Sunday, May 07, 2006

Game 31: The doorway before them is barred (22-9)

The White Sox bullpen was almost perfect for three innings against the Royals to back up an uncharacteristic Mark Buehrle start, and Pablo Ozuna and Joe Crede provided the offense in a 3-2 White Sox win against the lowly Royals.
  • Buehrle just wasn't sharp at all, but until back-to-back home runs of a tiring Buehle in the sixth, the Royals couldn't take advantage. It took Buehrle 114 pitches to get through 6 innings. The White Sox couldn't do much with Mark Redman.
  • The only excitement in the first five innings was supplied when Mark Grudzielanek was called out on strikes in the fifth. (The plate umpire today was lenient with high and low pitches but wouldn't give either side the corners.) Grudz clearly said "bullshit" to the umpire as he stalked back to the dugout.

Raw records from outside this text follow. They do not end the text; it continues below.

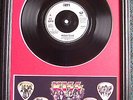 Kiss Reason To Live Genuine Playable Record & Guitar Pick Presentation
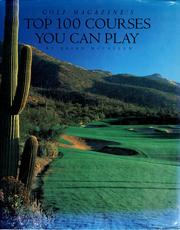 Cover of: Golf Magazine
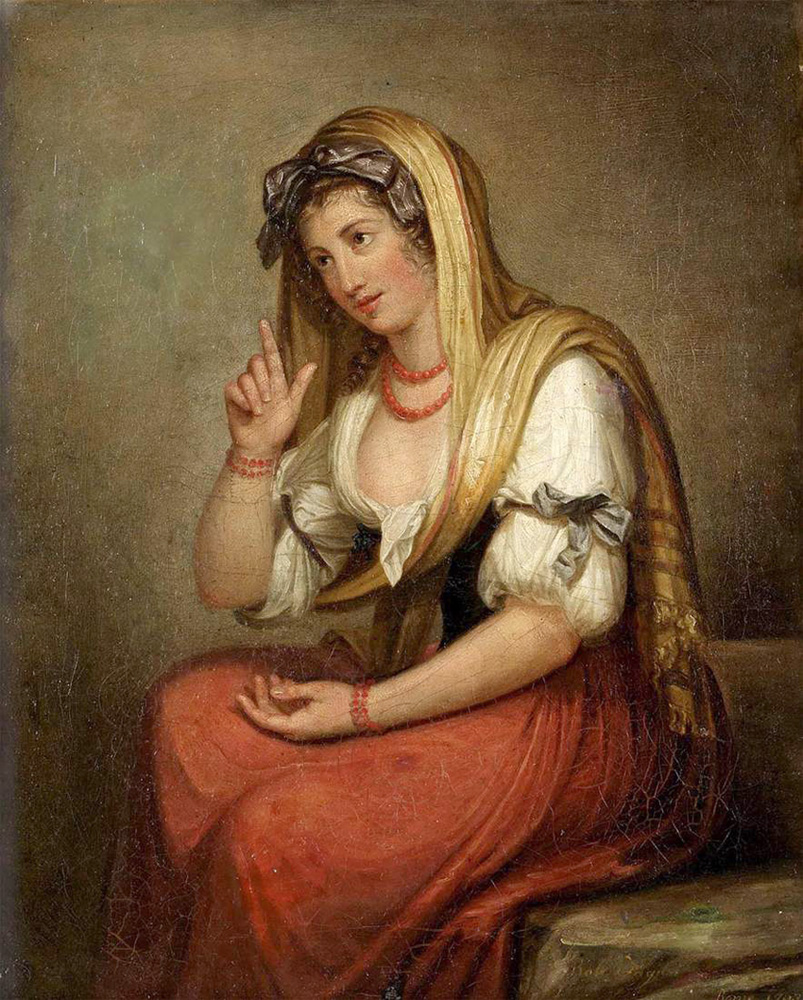 emma hamilton as neapolitan peasant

Buddy Bell obviously said something worse, because Eric Cooper ejected him.
  • Pablo Ozuna hit a shocking one-out triple to deep left center field to drive in Widger and Anderson (who had singled) to tie the game. Ozuna was promptly erased on a blown suicide squeeze when Iguchi popped up to the pitcher. I am sure this decision will be second-guessed, given that Iguchi is hitting .331. The White Sox had three straight hits off Redman, and he seemed to be weakening, but ill-fated small ball gave him new life.
  • Cliff Politte sailed through the seventh and got one out in the eighth, but then what Ozuna giveth, he almost taketh back. Angel Berroa drove a fly ball to the warning track, but Ozuna got turned around and misplayed the ball into a double. Matt Thornton came on, popped up Aaron Guiel, and then Brandon McCarthy struck out Buck with a nasty curve over the inside corner. Who says the White Sox don't have a bullpen?
  • With two out in the bottom of the ninth, Thome doubled to left center. It was a fairly ordinary fly ball, but the Royals were playing that silly Ted Williams shift, and Thome poked two hits to that region. (This could be important if enough advance scouts saw it to reduce the shifting a bit.) The Royals mysteriously decided to walk Konerko to get to Crede. Now, with one out, this would be a defensible move. With two out, and Crede hitting .335 over the last 49 games, it's bizarre. Crede battled Elmet Dessens for what seemed like forever, fouling off multiple low-and-away offerings, then savagely ripped an inside fastball into left field to drive in the go-ahead run.
  • That set the stage for Bobby Jenks, on the hill for the first time since being charged with a blown save on Friday. Jenks struck out Matt Stairs with a knee-high fastball for the first out. He caught what appeared to be a break on a chopper to Uribe, whose throw the umpires said nipped Robinson at first. He blew Esteban German away for the last strike and the game was over.
Notes from the division race:
  • The Tigers were unlucky enough to draw Johan Santana today and he beat them 4-2. Ordonez hit a two-run shot to make the game semi-interesting. The White Sox now lead by 2 1/2 games.
  • Travis Hafner is playing for the Indians today. The Cleveland announcers say he has the flu. Eric Wedge drives his players like oarmen in a Roman galley. This will come back to haunt him.
  • The 2005 White Sox were even better, 24-7 after 31 games.
One other note: Vince Galloro wants Boone Logan gone. He joins the huge chorus of naysayers. I almost bought his reasoning until he went off on McCarthy a little. McCarthy had some rotten luck in a couple of games -- allowing opposite field singles is not a character defect. The reason McCarthy doesn't go back down is he has nothing left to learn in AAA. His last stint there ended in utter domination.

1 comment:

Jeeves said...

I think everyone watching the game expected Joe Clutch to get a hit there. I guess that's what happens when your manager gets thrown out; no one knew how to handle the situation.